Having argued that the absurdity rule should apply to the situation where the Constitution allows the Vice President to preside at his own impeachment trial, let me now address more precisely what I think the effect of the absurdity rule on this issue is. For my earlier posts on this issue see here and here.
As Mike Ramsey says, the Constitution discusses the issue with three related sentences of Article I, Section 3. (1) “The Vice President of the United States shall be President of the Senate, but shall have no vote, unless they be equally divided.” (2) “The Senate shall have the sole Power to try all Impeachments.” (3) “When the President of the United States is tried, the Chief Justice shall preside.
Before applying the absurdity rule, one must determine how the constitutional text (without the absurdity rule) applies to the issue of the Vice President presiding at his own impeachment trial. It would seem that the Vice President being President of the Senate means that he would always have the power to be the presiding office. (At the time of the Constitution, the office of president usually was the presiding office of a multimember group of some kind.)
At the time of the Constitution, there was a principle – universally affirmed – that a person should not be a judge in his own case. See, e.g. Federalist 10. What was disputed, however, was in what situations it applied. But while the principle arguably might not apply as to voting on legislation that affected your interests (such as taxes), one can strongly argue that this principle must apply to an impeachment trial – which the Constitution literally treats as a trial. In particular, one might argue that what was historically meant by a trial does not involve a proceeding where the defendant is also the presiding officer. Under this view, the constitutional text (without the absurdity rule would exclude the Vice President from presiding at his own trial. There is more force to this argument than people normally admit. In fact, the more I think about it the more I am attracted to it. But I still think that most originalist textualists would not accept it as the best reading of the meaning of trial and so let’s move on to applying the absurdity rule.
As I have said, Chief Justice Marshall’s statement of the absurdity rule asks whether all or virtually all people would reject the apparently textual result in a case. If we are confident that all would reject it, then the absurdity rule should apply. I believe that all would reject having the VP preside at his own impeachment trial both at the time of the Constitution and now, especially because the wide acceptance of the principle of not being a judge in one’s own case. Remember, the question is not whether everyone favors departing from the text, but rather whether everyone rejects the result.
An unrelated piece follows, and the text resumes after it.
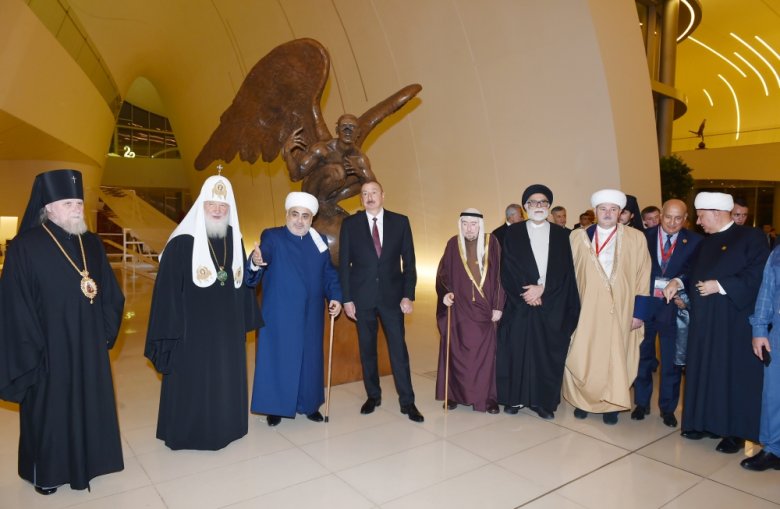 Prezident dünyanın dini liderlərinin şərəfinə ziyafət verdi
How then to apply the absurdity rule here? This is always the hardest part of the matter, because there is usually more than one possible way to depart from the text. There is support, I believe, for departing from the text as little as possible to avoid the absurd result. Here the smallest departure would involve interpreting the term trial as excluding the defendant from presiding at his own trial. The argument here is not that this is the correct textual reading of the term (although as I argue above it might be). Instead, the argument is that the absurdity rule indicates reading trial in this manner. This is the smallest departure because it takes a textual term, that might have meant this but probably does not, to mean this.
This understanding would also be consistent with the Constitution’s decision to specifically provide that the Chief Justice should preside at the President’s impeachment trial. The Constitution needed to specifically replace the Vice President as the presiding office during the impeachment of the President because having the Vice President preside would not involve being a judge in precisely his own case. (The Vice President would not be on trial.)
I hope that I have not gone on too long about this matter. Although it does not currently involve an important political issue, it does raise important matters of constitutional interpretation.